**Assignment**.
With the pictures left out, write out exactly the lines of the listing below that run from the line with "5 En 1 Lcd Tds" through the line with "I. Testamentarische Erbfolge".

**Data for the task**.
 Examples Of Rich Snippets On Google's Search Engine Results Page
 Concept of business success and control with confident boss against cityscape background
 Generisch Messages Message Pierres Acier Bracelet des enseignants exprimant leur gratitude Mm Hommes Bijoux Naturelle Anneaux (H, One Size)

--

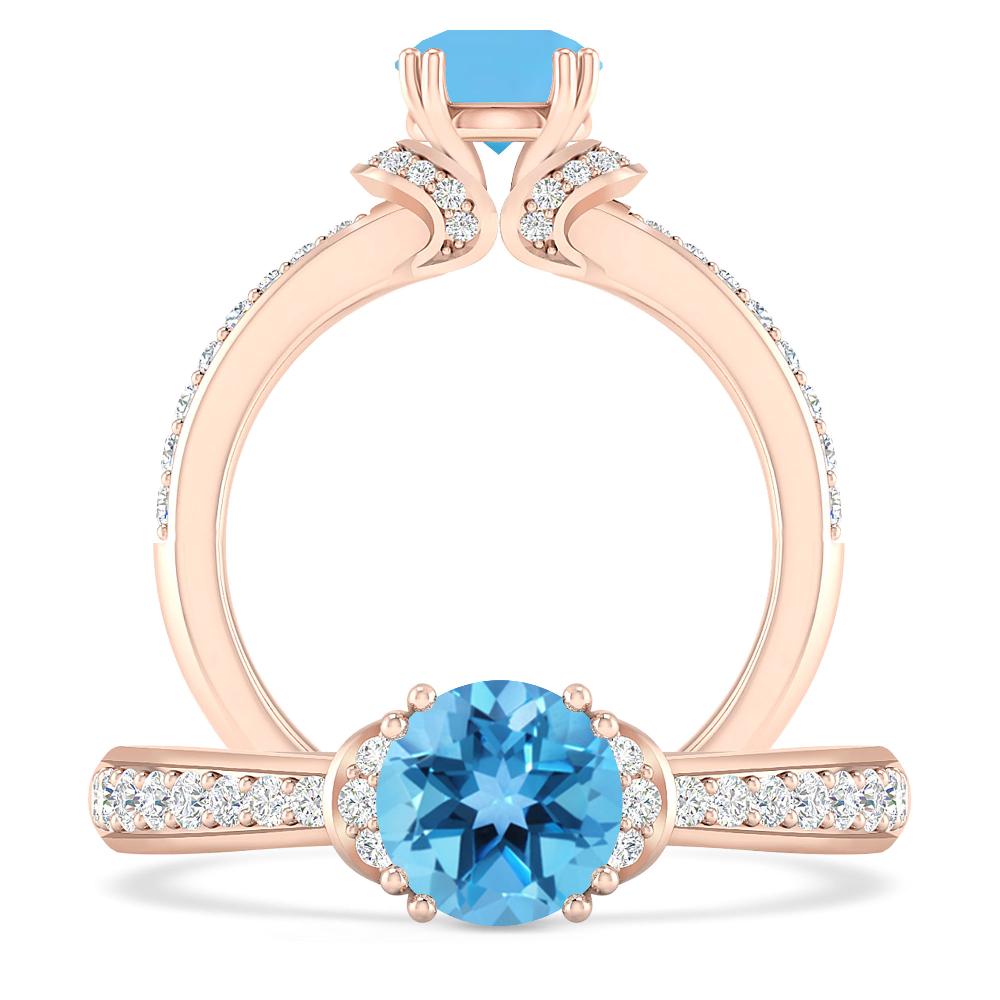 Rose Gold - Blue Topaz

...

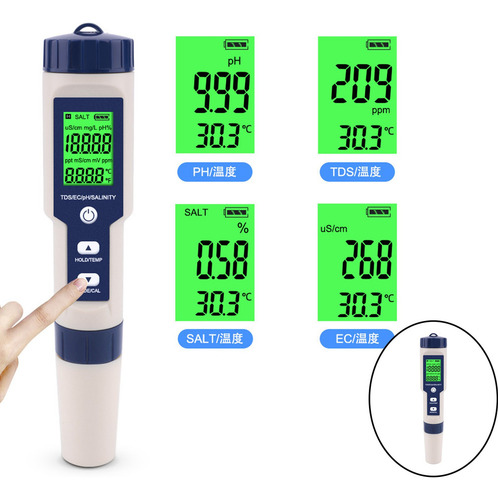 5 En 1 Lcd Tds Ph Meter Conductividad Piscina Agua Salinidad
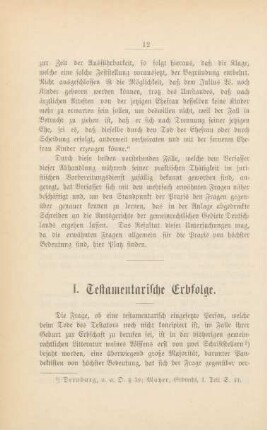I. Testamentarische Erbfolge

**Answer box**.
 5 En 1 Lcd Tds Ph Meter Conductividad Piscina Agua Salinidad
I. Testamentarische Erbfolge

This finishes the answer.